The paper, which has been published in the Astrophysical Journal, is not a full plan for how to build the necessary apparatus. Instead, it’s more of a “feasibility study,” according to MIT graduate student and author James Clark. We would need a 1 or 2-megawatt laser, with is powerful but not unprecedented. In the laboratory, scientists have created lasers in the petawatt range. Simply shining that laser upward isn’t going to get the job done, though. Clark’s study also calls for the laser to be focused through a giant 30 to 45-meter telescope.
An energy emission on this scale should overcome the brightness of the sun, giving Earth a “porch light” to attract attention from other star systems. The signal should be easy to detect from as far away as 20,000 light years. Of course, it would take 20,000 years for the signal to get out there. The laser would be even more noticeable in closer star systems like Proxima Centauri and TRAPPIST-1, which are about three and 40 light years away respectively.
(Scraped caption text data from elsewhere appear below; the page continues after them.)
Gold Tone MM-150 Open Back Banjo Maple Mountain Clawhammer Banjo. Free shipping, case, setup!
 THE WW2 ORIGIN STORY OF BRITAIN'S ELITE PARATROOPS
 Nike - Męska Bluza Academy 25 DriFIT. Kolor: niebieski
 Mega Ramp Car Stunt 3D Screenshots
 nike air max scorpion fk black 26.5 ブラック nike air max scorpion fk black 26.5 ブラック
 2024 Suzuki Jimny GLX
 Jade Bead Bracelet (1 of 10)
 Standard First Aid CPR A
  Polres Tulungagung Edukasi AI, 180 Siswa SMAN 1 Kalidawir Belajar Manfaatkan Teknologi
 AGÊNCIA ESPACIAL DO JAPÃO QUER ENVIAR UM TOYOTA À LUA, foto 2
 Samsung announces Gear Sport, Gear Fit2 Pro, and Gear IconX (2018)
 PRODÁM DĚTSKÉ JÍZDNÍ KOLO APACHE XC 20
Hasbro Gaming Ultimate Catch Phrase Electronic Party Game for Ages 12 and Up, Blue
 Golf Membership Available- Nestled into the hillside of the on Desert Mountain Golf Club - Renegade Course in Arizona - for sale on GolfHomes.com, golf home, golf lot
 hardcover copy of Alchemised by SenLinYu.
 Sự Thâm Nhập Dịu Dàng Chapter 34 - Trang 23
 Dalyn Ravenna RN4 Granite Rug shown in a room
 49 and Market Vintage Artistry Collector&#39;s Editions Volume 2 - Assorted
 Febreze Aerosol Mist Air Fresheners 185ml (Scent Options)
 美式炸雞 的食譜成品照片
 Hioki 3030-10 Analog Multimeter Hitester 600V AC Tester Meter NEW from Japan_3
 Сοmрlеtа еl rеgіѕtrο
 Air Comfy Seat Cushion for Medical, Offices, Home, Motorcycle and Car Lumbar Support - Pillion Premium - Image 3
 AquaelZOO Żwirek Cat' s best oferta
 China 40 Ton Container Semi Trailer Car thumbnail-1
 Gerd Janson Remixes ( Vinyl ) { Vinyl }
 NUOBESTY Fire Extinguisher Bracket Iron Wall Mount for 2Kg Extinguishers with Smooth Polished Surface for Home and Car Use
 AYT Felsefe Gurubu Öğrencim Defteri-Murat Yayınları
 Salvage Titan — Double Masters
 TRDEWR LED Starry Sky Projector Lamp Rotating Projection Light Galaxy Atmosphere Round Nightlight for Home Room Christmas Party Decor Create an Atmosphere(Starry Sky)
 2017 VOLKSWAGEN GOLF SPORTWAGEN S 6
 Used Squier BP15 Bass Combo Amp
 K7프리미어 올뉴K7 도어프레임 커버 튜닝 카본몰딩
Theoretically, another civilization could spot our laser signal with a small 1-meter telescope. They could use a smaller laser to reply if it were pointed directly at Earth. By modulating the intensity of the light, we could exchange simple messages in binary with a data rate of a few hundred bits per second. It would take years for the message to get to another solar system and at least as long to receive a reply.
The megawatt laser is workable — the US military experimented with megawatt-scale systems on jets to shoot down missiles. The 30-meter telescope would be much larger than any we currently have as the trend is toward building multiple smaller observatories. It should be possible to build one, though. Clark also suggests building the apparatus atop a mountain where it would encounter less atmosphere before reaching space. The beam from such a laser would be dangerous, but the risks would be minimized if it’s locked into a skyward orientation.